[1077] Populus. i. e., "Tragedy only relates the atrocious crimes of individuals: from the days of the Deluge, you can find no instance of wickedness extending to a whole nation."
[1078] Feritas. Aristotle enumerates as one of the characteristics of θηριότης, τὸ χαίρειν κρέασιν ἀνθρώπων.
[1079] Simultas is properly "the jealousy or rivalry of two persons candidates for the same office," from simulo, synom. with æmulari; or from simul. Vid. Doederlein, iii., 72.
[1080] Ombos, now "Koum-Ombou," lies on the right bank of the Nile, not far from Syene, and consequently a hundred miles at least from Tentyra. To avoid the difficulty, therefore, in the word "finitimos," Salmasius would read "Coptos," this place being only twelve miles distant; but all the best editions have Ombos. Tentyra, now "Denderah," lies on the left bank of the river, and is well known from the famous discoveries in its Temple by Napoleon's savans. The Tentyrites, as Strabo tells us (xvii., p. 460; cf. Plin., H. N., viii., 25), differed from the rest of their countrymen in their hatred and persecution of the crocodile, πάντα τρόπον ἀνιχνεύουσι καὶ διαφθείρουσιν αὐτούς, being the only Egyptians who dared attack or face them; and hence when some crocodiles were conveyed to Rome for exhibition, some Tentyrite keepers accompanied them, and displayed some curious feats of courage and dexterity. Aphrodite was their patron deity. The men of Coptos, Ombos, and Arsinoë, on the other hand, paid the crocodile the highest reverence; considering it an honor to have their children devoured by them; and crucified kites out of spite to the Tentyrites, who adored them. These religious differences are said by Diodorus (ii., 4) to have been fostered by the policy of the ancient kings, to prevent the conspiracies which might have resulted from the cordial union and coalition of the various nomes.

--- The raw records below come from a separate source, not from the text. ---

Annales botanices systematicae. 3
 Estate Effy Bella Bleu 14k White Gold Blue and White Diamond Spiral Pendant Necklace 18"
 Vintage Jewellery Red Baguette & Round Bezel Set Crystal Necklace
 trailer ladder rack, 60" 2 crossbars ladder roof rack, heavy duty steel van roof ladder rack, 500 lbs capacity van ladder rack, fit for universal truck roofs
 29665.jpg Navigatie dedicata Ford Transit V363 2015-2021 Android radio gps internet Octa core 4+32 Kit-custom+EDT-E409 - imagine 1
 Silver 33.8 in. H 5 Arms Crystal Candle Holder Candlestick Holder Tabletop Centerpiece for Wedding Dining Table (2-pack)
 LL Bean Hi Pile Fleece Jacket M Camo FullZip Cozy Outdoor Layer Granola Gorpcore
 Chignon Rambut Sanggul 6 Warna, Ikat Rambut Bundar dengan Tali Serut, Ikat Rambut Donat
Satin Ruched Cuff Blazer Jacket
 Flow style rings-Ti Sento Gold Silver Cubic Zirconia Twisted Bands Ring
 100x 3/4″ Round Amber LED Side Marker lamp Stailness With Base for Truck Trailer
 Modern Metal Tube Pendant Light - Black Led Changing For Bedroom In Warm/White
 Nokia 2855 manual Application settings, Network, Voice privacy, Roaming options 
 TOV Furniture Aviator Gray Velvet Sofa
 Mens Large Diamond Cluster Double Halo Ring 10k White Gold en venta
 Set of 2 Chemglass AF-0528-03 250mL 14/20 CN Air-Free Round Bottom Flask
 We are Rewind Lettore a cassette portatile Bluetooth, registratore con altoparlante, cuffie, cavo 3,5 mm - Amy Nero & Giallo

[1081] Alterius populi, i. e., the Tentyrites. Cf. l. 73, seq.
[1082] Pervigili. Cf. viii., 158, "Sed quum pervigiles placet instaurare popinas."
"The board, where oft their wakeful revels last
Till seven returning days and nights are past." Hodgson.
[1083] Horrida. So viii., 116, "Horrida vitanda est Hispania." ix., 12, "Horrida siccæ sylva comæ." vi., 10, "Et sæpe horridior glandem ructante marito."
"For savage as the country is, it vies
In luxury, if I may trust my eyes,
With dissolute Canopus." Gifford.
[1084] Canopus. Cf. i., 26. Said to have been built by Menelaus, and named after his pilot. It lies on the Bay of Aboukir, not far from Alexandria, and was notorious for its luxury and debauchery, carried on principally in the temple of Serapis. Cf. vi., 84, "Prodigia et mores Urbis damnante Canopo." Sen., Epist. 51. Propert., iii., El. xi., 39. These lines prove that Juvenal was, at some time of his life, in Egypt; but whether he traveled thither in early life to gratify his curiosity, or, as the common story goes, was banished there in his old age to appease the wrath of Paris, is doubtful. The latter story is inconsistent with chronology, history, and probability.